Find the line containing "Brendan Cole builds" in the listing below. Repeat it exactly, along with each following line up to and including the one containing "Poziția localității Le Teil".

┌─ AVAILABLE DATA

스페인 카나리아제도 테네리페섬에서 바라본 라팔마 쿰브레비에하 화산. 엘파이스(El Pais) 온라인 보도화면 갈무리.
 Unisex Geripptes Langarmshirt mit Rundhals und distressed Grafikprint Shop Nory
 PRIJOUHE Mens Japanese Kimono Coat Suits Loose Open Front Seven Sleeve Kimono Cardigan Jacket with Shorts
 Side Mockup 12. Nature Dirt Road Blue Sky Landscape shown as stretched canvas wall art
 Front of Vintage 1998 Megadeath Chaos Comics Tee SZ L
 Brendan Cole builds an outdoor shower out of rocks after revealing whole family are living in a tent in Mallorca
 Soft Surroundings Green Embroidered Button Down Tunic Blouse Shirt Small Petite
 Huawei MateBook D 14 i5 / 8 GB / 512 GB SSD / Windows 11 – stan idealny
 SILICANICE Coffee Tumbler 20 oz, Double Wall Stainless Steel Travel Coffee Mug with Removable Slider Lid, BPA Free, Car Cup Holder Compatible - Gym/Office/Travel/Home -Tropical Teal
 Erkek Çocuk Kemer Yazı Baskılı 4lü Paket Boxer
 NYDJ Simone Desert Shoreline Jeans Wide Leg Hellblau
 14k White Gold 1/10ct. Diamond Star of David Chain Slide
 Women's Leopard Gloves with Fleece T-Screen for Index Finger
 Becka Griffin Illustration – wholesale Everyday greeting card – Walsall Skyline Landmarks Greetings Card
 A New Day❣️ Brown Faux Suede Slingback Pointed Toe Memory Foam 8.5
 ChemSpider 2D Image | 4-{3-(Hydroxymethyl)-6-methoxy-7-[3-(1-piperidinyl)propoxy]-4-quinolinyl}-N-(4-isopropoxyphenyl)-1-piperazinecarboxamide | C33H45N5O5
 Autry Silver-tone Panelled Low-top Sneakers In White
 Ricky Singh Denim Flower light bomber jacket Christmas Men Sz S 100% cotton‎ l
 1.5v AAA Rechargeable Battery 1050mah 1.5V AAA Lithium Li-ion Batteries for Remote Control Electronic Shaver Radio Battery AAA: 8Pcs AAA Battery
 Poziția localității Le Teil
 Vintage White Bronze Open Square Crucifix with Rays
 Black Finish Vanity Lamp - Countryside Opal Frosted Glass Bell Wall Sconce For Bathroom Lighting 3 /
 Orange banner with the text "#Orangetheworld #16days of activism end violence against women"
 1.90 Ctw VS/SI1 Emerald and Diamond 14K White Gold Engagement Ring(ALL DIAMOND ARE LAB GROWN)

└─

PROBLEM SOLUTION =
 Brendan Cole builds an outdoor shower out of rocks after revealing whole family are living in a tent in Mallorca
 Soft Surroundings Green Embroidered Button Down Tunic Blouse Shirt Small Petite
 Huawei MateBook D 14 i5 / 8 GB / 512 GB SSD / Windows 11 – stan idealny
 SILICANICE Coffee Tumbler 20 oz, Double Wall Stainless Steel Travel Coffee Mug with Removable Slider Lid, BPA Free, Car Cup Holder Compatible - Gym/Office/Travel/Home -Tropical Teal
 Erkek Çocuk Kemer Yazı Baskılı 4lü Paket Boxer
 NYDJ Simone Desert Shoreline Jeans Wide Leg Hellblau
 14k White Gold 1/10ct. Diamond Star of David Chain Slide
 Women's Leopard Gloves with Fleece T-Screen for Index Finger
 Becka Griffin Illustration – wholesale Everyday greeting card – Walsall Skyline Landmarks Greetings Card
 A New Day❣️ Brown Faux Suede Slingback Pointed Toe Memory Foam 8.5
 ChemSpider 2D Image | 4-{3-(Hydroxymethyl)-6-methoxy-7-[3-(1-piperidinyl)propoxy]-4-quinolinyl}-N-(4-isopropoxyphenyl)-1-piperazinecarboxamide | C33H45N5O5
 Autry Silver-tone Panelled Low-top Sneakers In White
 Ricky Singh Denim Flower light bomber jacket Christmas Men Sz S 100% cotton‎ l
 1.5v AAA Rechargeable Battery 1050mah 1.5V AAA Lithium Li-ion Batteries for Remote Control Electronic Shaver Radio Battery AAA: 8Pcs AAA Battery
 Poziția localității Le Teil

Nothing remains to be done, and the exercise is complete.